自分で使い方を間違えて動かないパーツを「交換しろ!」。ADSLのインターネット接続について「設定方法は?」。パーツのサポート窓口には、売り場以上に過激で不思議なお客さんがやってくる。検証や応対のプロであるはずのサポートスタッフが、思わず頭を抱えるのはどんな事例なのか。PCパーツショップの窓口やメーカー・代理店の電話サポートの担当者に聞いてきた。

イラスト/森永みぐ
イラスト/森永みぐ

これはリコールものだろう!

●HDDが130GBくらいしか使えない、とお客さんが駆け込んできた。これはWindows 2000 SP2以前か初代Windows XPで、大容量HDDを使ったときの典型的な症状。OSの仕様です、と答えても「交換してくれ」。しまいには「こんなのリコールだろう!」と言い出した。
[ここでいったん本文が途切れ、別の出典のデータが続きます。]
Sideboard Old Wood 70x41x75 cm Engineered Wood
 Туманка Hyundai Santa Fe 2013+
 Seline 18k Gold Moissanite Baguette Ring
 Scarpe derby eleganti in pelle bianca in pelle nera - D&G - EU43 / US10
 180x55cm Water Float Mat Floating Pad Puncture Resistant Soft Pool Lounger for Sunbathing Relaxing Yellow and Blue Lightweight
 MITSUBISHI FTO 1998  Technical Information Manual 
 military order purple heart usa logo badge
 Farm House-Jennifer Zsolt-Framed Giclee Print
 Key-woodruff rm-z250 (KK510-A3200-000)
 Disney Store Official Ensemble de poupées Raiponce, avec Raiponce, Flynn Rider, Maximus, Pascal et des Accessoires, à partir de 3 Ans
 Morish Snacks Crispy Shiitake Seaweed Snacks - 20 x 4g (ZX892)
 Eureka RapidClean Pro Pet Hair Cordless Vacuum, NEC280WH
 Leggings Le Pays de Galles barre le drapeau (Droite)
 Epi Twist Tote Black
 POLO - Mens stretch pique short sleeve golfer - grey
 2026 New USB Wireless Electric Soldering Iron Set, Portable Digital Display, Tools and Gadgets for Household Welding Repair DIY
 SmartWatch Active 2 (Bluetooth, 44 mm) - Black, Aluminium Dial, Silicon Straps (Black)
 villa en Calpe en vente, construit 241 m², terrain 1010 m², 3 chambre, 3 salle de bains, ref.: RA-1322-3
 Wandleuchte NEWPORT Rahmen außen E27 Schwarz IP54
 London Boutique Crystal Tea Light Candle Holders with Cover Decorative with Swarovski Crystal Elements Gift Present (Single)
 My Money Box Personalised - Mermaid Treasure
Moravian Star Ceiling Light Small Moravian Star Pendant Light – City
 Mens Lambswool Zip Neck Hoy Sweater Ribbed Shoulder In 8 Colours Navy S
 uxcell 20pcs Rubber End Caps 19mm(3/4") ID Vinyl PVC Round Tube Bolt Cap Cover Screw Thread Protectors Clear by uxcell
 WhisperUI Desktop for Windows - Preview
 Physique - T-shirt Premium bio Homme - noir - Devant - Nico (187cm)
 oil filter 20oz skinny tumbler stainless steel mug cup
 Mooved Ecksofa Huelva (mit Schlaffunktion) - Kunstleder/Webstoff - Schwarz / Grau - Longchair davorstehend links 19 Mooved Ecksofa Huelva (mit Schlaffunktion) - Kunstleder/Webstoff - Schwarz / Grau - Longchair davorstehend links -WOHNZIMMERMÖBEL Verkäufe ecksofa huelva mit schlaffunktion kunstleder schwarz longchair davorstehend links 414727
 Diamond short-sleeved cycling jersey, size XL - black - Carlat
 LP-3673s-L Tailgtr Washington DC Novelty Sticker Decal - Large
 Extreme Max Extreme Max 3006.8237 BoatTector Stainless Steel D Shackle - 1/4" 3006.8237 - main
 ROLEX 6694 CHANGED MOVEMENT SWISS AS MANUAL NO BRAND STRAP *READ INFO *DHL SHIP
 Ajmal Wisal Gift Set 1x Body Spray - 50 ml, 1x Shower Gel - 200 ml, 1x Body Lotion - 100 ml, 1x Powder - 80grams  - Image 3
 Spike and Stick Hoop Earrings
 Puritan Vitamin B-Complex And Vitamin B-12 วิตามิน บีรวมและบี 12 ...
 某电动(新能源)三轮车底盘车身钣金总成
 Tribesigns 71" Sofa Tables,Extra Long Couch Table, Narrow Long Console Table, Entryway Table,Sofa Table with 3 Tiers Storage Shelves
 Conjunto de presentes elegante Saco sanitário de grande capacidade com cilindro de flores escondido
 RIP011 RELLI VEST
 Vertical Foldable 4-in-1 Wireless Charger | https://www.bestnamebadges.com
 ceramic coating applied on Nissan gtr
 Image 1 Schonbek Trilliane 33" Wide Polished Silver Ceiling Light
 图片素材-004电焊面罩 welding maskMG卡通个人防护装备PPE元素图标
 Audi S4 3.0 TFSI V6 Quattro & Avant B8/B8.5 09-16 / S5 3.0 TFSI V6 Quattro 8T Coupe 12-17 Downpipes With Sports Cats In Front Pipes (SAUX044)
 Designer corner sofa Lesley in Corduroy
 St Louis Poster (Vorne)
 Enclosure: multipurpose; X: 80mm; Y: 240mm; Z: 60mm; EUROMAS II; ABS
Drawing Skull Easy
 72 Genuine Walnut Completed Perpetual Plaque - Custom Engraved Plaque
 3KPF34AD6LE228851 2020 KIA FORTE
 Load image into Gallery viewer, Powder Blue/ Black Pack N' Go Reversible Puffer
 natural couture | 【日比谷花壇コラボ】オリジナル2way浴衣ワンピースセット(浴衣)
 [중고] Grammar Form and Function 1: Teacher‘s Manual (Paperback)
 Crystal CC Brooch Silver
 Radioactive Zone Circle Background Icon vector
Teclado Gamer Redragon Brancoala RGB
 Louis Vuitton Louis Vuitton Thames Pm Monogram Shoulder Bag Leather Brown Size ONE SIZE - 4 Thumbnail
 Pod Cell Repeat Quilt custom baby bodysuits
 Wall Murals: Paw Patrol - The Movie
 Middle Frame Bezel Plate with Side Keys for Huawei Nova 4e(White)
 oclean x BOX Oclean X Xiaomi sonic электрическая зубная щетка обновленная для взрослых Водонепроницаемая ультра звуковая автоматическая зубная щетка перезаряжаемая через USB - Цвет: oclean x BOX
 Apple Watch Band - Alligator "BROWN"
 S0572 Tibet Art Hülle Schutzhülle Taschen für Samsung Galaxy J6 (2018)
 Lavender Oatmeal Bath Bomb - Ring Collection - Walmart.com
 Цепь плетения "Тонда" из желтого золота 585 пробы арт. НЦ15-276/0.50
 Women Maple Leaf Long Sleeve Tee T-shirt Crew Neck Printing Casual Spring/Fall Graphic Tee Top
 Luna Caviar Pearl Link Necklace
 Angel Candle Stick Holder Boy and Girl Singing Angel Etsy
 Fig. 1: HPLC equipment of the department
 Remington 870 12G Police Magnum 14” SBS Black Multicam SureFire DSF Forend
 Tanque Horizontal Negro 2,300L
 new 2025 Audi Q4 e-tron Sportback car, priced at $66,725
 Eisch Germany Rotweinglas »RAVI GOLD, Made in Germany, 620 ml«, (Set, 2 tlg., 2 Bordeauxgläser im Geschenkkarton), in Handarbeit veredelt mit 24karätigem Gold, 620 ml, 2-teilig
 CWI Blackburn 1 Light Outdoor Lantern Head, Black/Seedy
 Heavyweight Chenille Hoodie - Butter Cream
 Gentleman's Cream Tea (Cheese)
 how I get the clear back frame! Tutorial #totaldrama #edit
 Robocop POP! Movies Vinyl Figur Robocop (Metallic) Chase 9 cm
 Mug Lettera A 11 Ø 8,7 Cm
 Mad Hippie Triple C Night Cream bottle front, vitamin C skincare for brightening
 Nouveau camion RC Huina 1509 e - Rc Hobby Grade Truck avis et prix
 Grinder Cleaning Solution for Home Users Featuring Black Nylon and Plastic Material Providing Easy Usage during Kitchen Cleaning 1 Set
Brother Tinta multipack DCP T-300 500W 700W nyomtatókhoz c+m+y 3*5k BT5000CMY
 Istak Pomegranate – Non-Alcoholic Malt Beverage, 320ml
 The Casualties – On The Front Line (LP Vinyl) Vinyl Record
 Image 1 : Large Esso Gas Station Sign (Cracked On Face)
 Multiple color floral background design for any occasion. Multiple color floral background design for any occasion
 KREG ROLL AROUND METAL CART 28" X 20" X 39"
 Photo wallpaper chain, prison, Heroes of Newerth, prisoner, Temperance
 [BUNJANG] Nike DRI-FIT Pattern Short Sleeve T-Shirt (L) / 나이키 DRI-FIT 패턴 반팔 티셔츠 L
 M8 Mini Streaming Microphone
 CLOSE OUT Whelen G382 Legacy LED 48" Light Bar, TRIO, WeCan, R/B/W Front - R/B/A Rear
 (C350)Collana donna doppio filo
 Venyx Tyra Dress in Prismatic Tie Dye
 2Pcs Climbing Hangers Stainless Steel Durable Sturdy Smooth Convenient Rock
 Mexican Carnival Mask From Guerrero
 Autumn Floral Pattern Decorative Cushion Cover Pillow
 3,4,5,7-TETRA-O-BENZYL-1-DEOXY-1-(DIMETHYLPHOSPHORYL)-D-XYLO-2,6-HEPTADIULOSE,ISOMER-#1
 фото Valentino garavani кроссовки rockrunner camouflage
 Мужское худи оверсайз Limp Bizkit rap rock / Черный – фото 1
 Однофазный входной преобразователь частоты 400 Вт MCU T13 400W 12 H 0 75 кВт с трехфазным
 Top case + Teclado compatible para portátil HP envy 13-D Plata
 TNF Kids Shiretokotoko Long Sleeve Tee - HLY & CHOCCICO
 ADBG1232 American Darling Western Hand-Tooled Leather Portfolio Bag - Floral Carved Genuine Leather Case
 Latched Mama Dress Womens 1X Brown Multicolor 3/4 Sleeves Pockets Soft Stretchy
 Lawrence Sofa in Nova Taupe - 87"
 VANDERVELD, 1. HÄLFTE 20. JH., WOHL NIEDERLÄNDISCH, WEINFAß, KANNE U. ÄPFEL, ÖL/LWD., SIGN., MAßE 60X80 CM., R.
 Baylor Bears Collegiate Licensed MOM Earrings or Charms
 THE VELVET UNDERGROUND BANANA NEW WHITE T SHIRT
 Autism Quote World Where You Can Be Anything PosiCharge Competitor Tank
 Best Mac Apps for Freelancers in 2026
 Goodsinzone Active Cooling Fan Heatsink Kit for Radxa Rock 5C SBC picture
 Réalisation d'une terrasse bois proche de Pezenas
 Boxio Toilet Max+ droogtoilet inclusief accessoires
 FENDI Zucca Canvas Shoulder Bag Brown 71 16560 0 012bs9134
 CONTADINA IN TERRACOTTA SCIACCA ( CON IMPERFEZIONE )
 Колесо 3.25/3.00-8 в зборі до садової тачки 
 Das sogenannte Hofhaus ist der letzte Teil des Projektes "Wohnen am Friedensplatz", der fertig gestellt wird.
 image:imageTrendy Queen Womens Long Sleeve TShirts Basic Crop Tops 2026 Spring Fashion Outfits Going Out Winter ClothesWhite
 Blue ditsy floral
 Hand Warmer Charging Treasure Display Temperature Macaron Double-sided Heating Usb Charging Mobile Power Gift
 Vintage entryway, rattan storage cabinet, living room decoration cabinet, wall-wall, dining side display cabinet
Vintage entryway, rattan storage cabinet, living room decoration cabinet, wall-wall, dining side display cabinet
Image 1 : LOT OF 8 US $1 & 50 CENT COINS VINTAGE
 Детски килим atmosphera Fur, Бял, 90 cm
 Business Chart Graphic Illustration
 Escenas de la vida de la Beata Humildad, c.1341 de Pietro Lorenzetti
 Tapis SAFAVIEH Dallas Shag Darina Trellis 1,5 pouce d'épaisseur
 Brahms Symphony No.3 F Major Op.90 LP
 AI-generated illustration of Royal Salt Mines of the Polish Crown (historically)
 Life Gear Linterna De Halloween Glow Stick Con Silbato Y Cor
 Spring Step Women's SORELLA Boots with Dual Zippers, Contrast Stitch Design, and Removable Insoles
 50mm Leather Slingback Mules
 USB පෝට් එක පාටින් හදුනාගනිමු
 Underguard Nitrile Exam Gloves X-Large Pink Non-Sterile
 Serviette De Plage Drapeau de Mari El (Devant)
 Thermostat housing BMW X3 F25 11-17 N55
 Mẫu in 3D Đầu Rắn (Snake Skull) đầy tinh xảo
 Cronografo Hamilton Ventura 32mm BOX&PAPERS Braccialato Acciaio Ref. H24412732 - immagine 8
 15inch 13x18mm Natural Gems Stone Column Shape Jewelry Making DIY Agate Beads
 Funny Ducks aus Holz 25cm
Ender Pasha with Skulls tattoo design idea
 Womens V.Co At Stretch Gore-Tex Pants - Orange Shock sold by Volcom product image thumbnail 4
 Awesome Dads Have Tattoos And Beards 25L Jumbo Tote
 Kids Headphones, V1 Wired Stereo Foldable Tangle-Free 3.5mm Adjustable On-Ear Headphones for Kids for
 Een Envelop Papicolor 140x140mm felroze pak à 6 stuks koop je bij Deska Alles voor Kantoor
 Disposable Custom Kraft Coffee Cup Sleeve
 お客さんの目の前で、正常品のHDDでも容量が正しく認識しないことを実演したが「全く納得してくれなかった」。ずいぶん昔に話題になった、137GB(128GB)以上の容量を正しく認識できないといういわゆる「Big Drive問題」も、サポートの現場ではいまだに問い合わせが多いという。こうした制限を知らずに、パーツの不調と勘違いするのはよくあることだ。しかしパーツが正常と分かっても、「取りあえず」と交換を強要するのはさすがに無理がある。

 

Windowsって入ってないんだ?

●Windowsが使えないんだが、とお客さんから電話。電源を入れても黒い画面のままエラーが出るという。普通に考えたらHDD周りが怪しい。「インストールは無事に終わったんですよね?」と聞いたら「何それ」。なんとインストールが必要なことを理解していなかった。

 「OfficeのCDは持ってるけど、これじゃだめ?」と言われ、「WindowsのCDを買ってください」と返答。単に組み立てるだけで使えると思っていたらしい。このお客さんは納得して電話を切ったそうだが、パーツと無関係な初歩的な問い合わせは、担当者を悩ませる。

 例えばインターネット接続の設定や市販アプリケーションの操作など、明らかにパーツと無関係な質問は御法度。マザーボードメーカーの代理店は「そういう問い合わせには、ソフトメーカーへ聞いてください、と返事する。でないと本当に製品で困っている人の電話がつながらない」。もちろんドライバーのインストールや問題切り分けのための操作方法は説明してくれる。